Of course, Isaacs' second obscenity trial, which occurred in early March of this year, ended in a mistrial, and about six weeks later, the Department of Justice (DOJ) prosecutors tried again.
"So now it's '11," Isaacs recapped. "The new DOJ wants to prosecute me, so they call up Veronica Jett and get her to do a statement, and I read the statement, and basically it says I lured them in—first, they admit they're methedrine heads before they met me; 'We are meth heads and vulnerable, and we meet this guy and he is giving us meth to do these movies, and that's why we're doing the movies. Even though we don't want to do the movies, we do them because we're meth heads and he's taking advantage of us.' This is Veronica Jett, and she's saying I gave her all this stuff, but it's not true," Isaacs said. He noted that use of meth was not allowed in his house. "I knew they smoked [pot], but they went outside and I can't be responsible for adults and what they do—and they knew exactly what they were getting into. I didn't give them drugs; I'm not into drugs."
Attempts to contact Jett via email to verify what statements she made to government prosecutors and/or the FBI were unsuccessful. Jett was present for at least one day of Isaacs trial, but she was constantly surrounded by DOJ personnel, and reporters were unable to speak to her about what testimony she might have given if called to the witness stand.
"Veronica Jett also said that she wanted not to finish the movie," Isaacs continued, "and that I said, if you don't, I'm going to blacklist you from the porno business,' and she specifically mentioned Max Hardcore; that I'm going to call up all the people in the porno business and tell them not to hire her."
Of course, the idea that Ira Isaacs could call up anyone in the adult industry and blacklist an actress is ludicrous on its face—and Isaacs knows it.

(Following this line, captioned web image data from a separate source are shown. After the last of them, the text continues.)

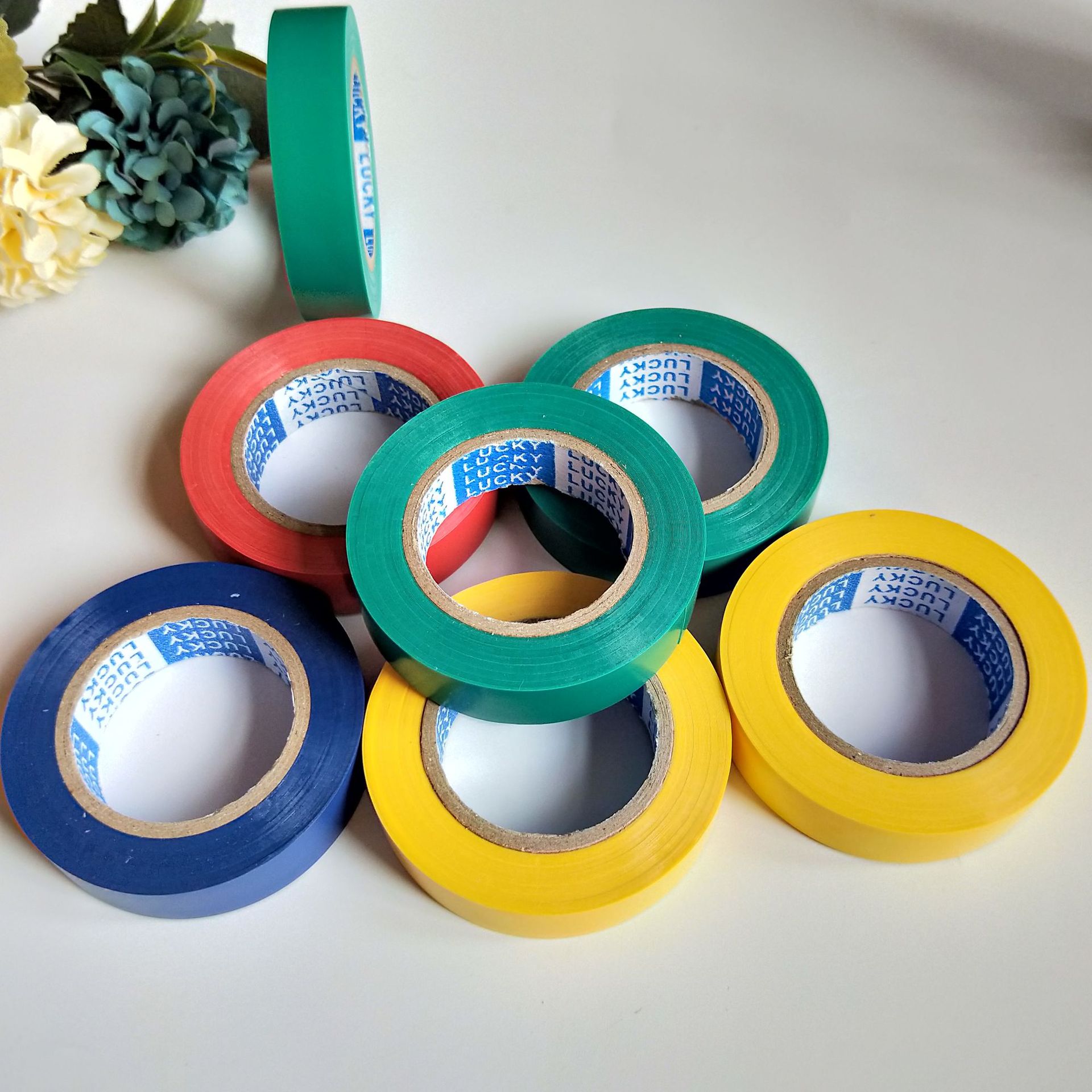 1 Yuan 2 Yuan Shop Electrical Tape Color Electrical Tape Ins...
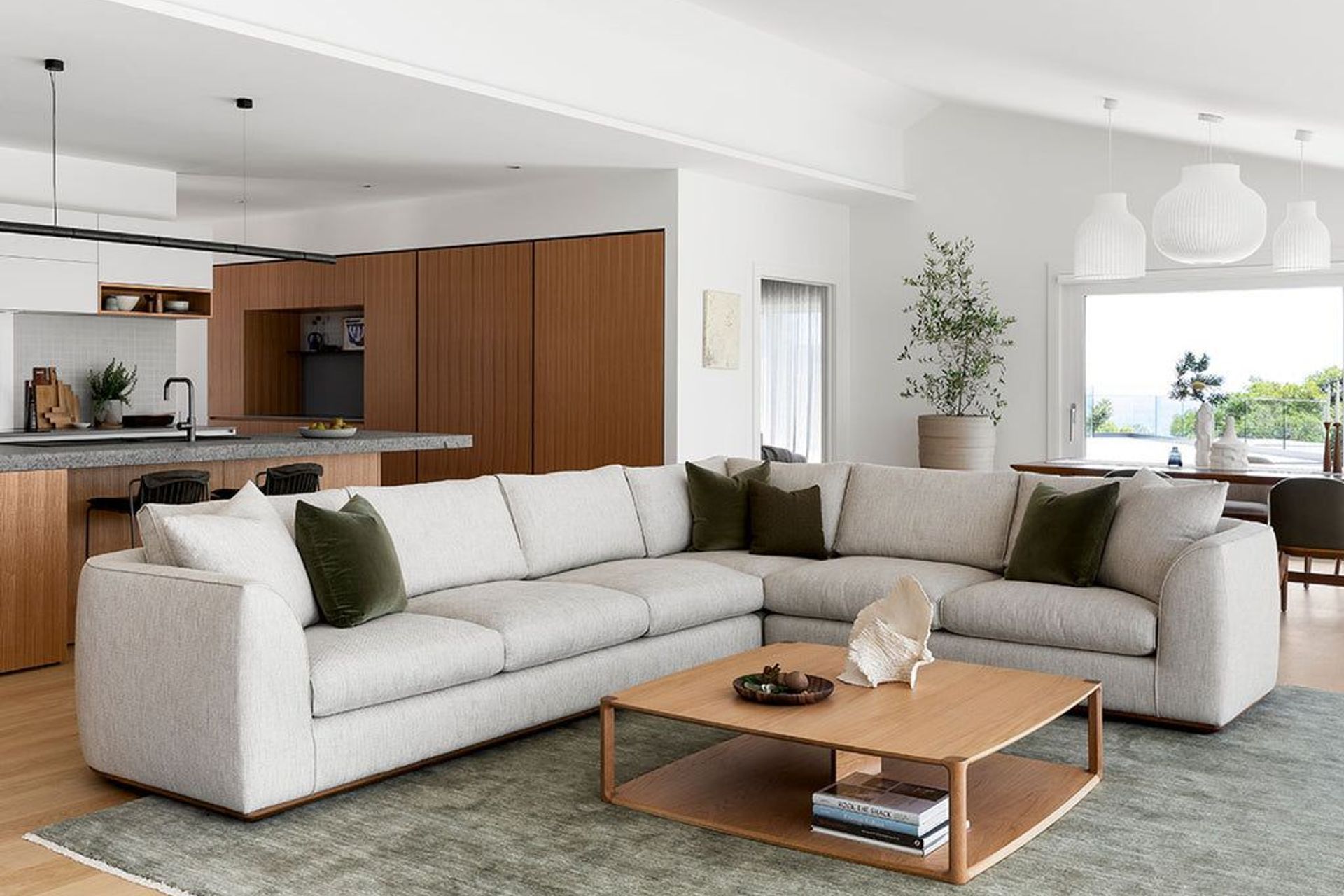 The Erskine Sofa by Kett featured in the Cape Schanck Home, Photography: Martina Gemmola.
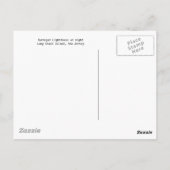 Barnegate Lighthouse Postkarte (Rückseite)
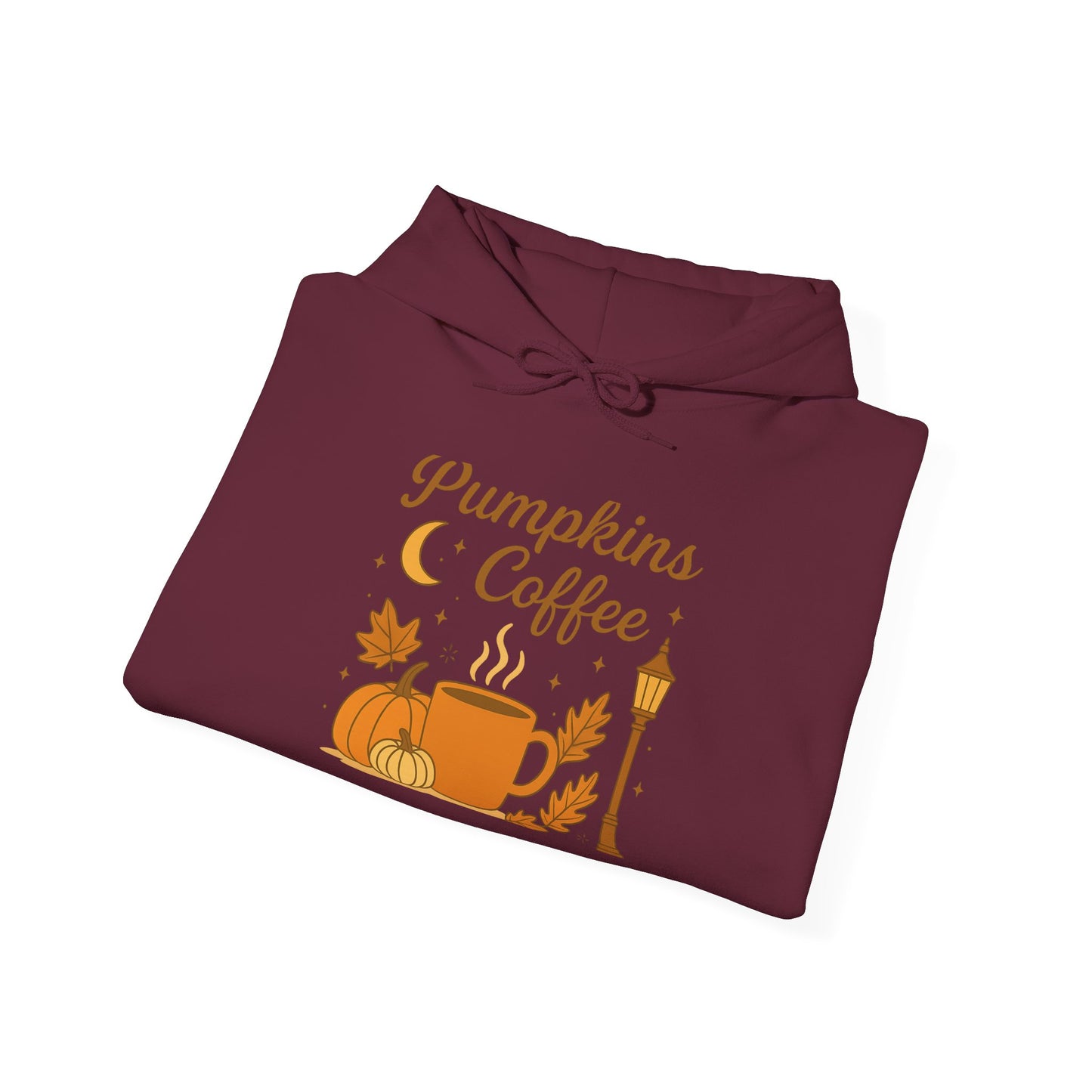 Pumpkins & coffee Heavy Blend™ Hooded Sweatshirt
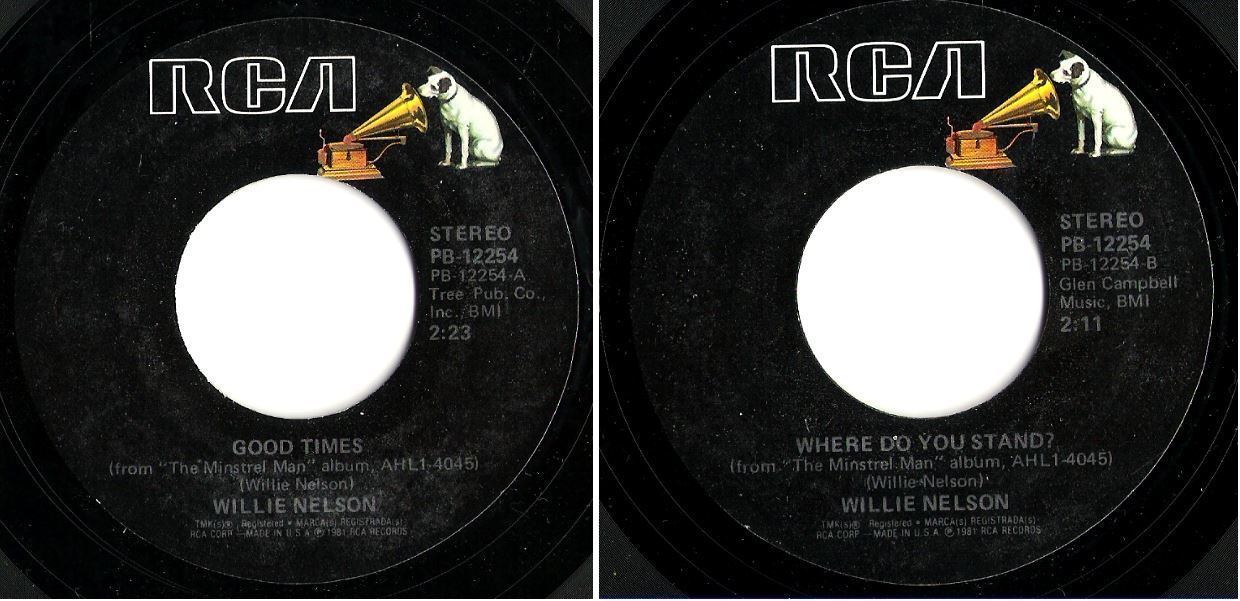Nelson, Willie / Good Times (1981) / RCA PB-12254 (Single, 7" Vinyl)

"Like anybody in the porn industry would listen to me!" he exclaimed. "And in fact, that's exactly the opposite of what happened. I actually tried to get her a job with Max Hardcore. I wanted to have an arrangement where I would find girls for him and he would find girls for me."
Moreover, Isaacs noted that Jett's co-star, "April," did several movies for Isaacs both before and after Hollywood Scat Amateurs 10, and why would she have done so if she had been coerced into doing that particular movie?
Isaacs says he tried to contact South by email, sending him Isaacs' phone number and asking South to call, but South never did.
Certainly, South is correct in his overall assessment that there are many things a producer can do that may easily lead to him (or her) getting busted, and those are lessons worth learning before that bust occurs.
But, said Isaacs, "Before Mike South gives any lessons, he should learn one himself: Before you start writing things; have a little credibility!"